Dirk Soma lives on Kapahu Street, a couple of houses down from Arthur. Two boulders are perched precariously on the slopes above his house, he said. Periodically, small rocks fall down the mountainside; during the year and a half since he moved in, he estimates, enough loose dirt has filtered down onto his lot to raise the elevation of his yard by several inches.

Soma recently went to Kamehameha Investment and asked that the slopes be subjected to an analysis by a professional geologist.

A Kamehameha representative told him he had a year under warranty to assess the property, but the warranty period had lapsed several months before, Soma said.

Louis Kau, president of Kamehameha Investment, said that although one of his representatives had met with Soma earlier in the week, his company had just received a letter from the Kalawahine Streamside Neighborhood Association, and from another of Soma's neighbors, yesterday morning.

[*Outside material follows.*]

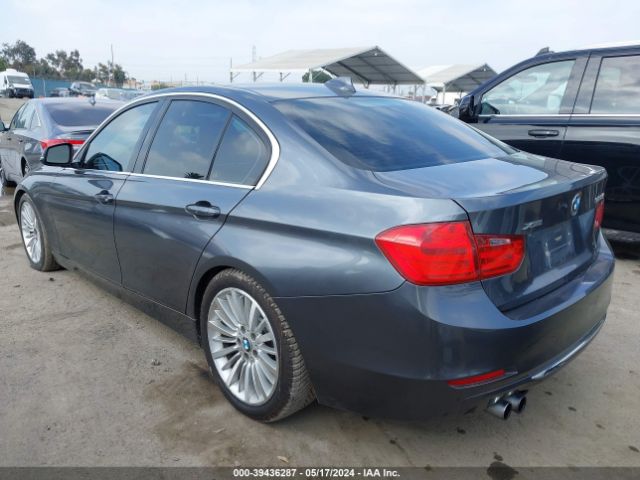 Photo 2 VIN: WBA3B5C56DF594475 - BMW 328I 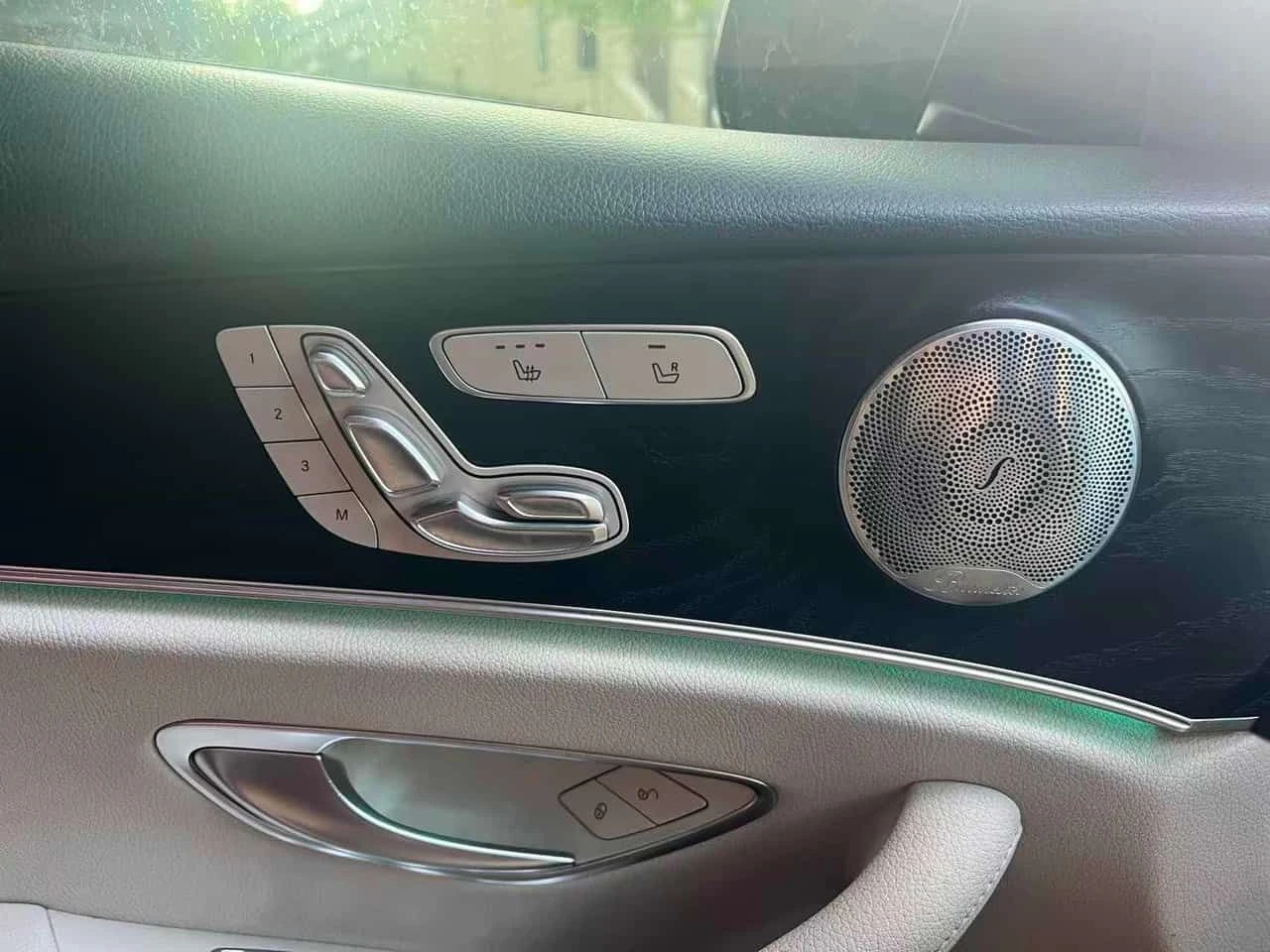 Mercedes-Benz E 300 /DISTRONIC / 360 / BURMESTER / CARFAX , снимка 11 - Автомобили и джипове - 55590827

He said he was going to have to study the matter further before determining exactly what Kamehameha would do.

"The Department (of Hawaiian Home Lands) is talking about geological studies," Kau said. "We're in favor of that and willing to assist however we can, but we don't know who will be responsible for any work that has to be done."

Kamehameha Investment completed the $26 million Kalawahine Streamside development in April 2001. The neighborhood consists of 54 multilevel duplex units and 33 three-story, single-family homes. Built on Hawaiian Homes land, the units sold for prices ranging from $175,000 to $226,000.

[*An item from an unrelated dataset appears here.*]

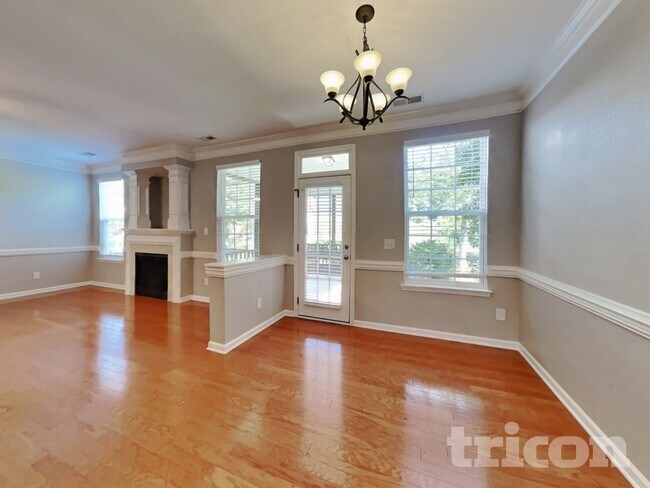 Foto del edificio - 5323 Chandler Oaks Ln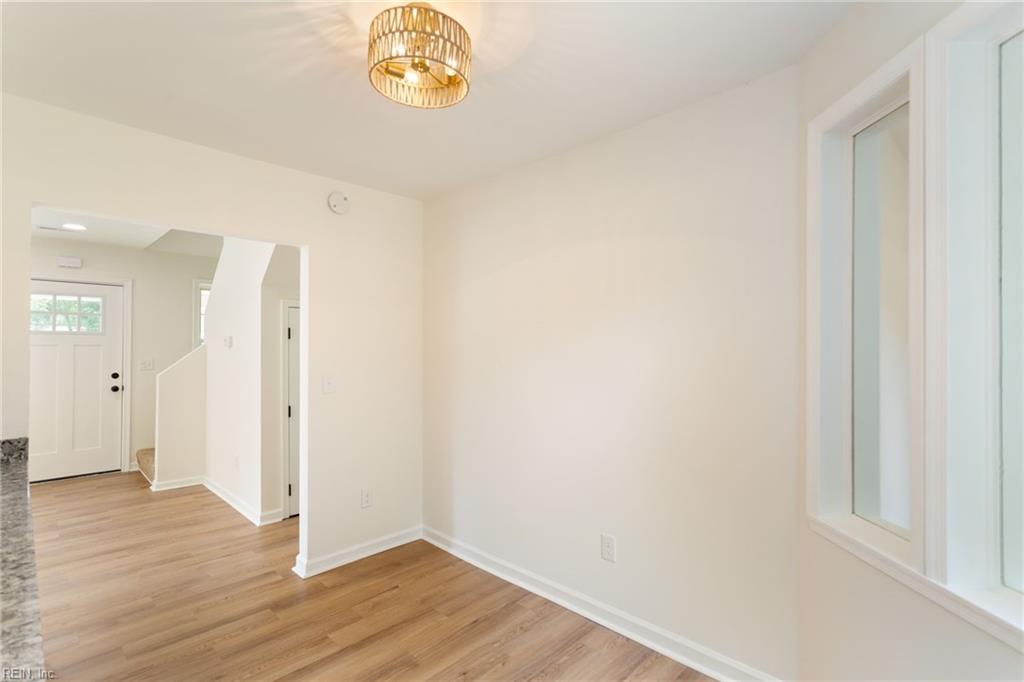 606 Delaware AVE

Francis Apoliona, a spokesman for Hawaiian Home Lands, said his department would do a soil analysis in the neighborhood. He said talks with Kamehameha Investment were continuing.

"We're the landowners, and we take our responsibility seriously," he said. "We need to get our partners involved, but if we have to do it ourselves, we'll do it ourselves."

Apoliona said the Kalawahine Valley isn't backed by slopes as steep as those in Nu'uanu, but the rock that fell against Arthur's fence was about 3 feet across and could be an indication that further problems are lurking above.

He said he didn't think the Kalawahine homeowners were the only valley residents likely to be looking nervously up the cliffs and slopes after hearing about Onishi's death.

"I live in St. Louis Heights and I think I'm going to go home and take a look around," Apoliona said.

The neighborhood where Onishi was killed is still dealing with its rock problem. The cliffs above Onishi's Henry Street home has private owners who hired a geologist after the tragedy to assess the rock hazards.

Residents of the area were informed this week by the O'ahu Civil Defense Agency that another boulder sits precariously on the slopes above. An attorney for the owners of the cliff property said Tuesday that his clients are considering a number of safety measures, including removing the boulder or securing it with cables and netting.

And Hawaiian Home Lands has dealt with falling rocks mauka of Roosevelt High School before.

Leon Miguel, an estimator for Perfecto Engineering and Construction, said his company recently removed part of the mountain behind some houses in the 2200 block of Anianiku Street, a few blocks from Kalawahine Streamside, for Hawaiian Home Lands.

Rocks once were rolling down those slopes, too, he said.

The job involved heavy excavation and rock-breaking equipment, he said. Concrete mixed with rock was used to reinforce part of the hillside.

The work took three months to complete. The bill to Hawaiian Home Lands was about half a million dollars, he said.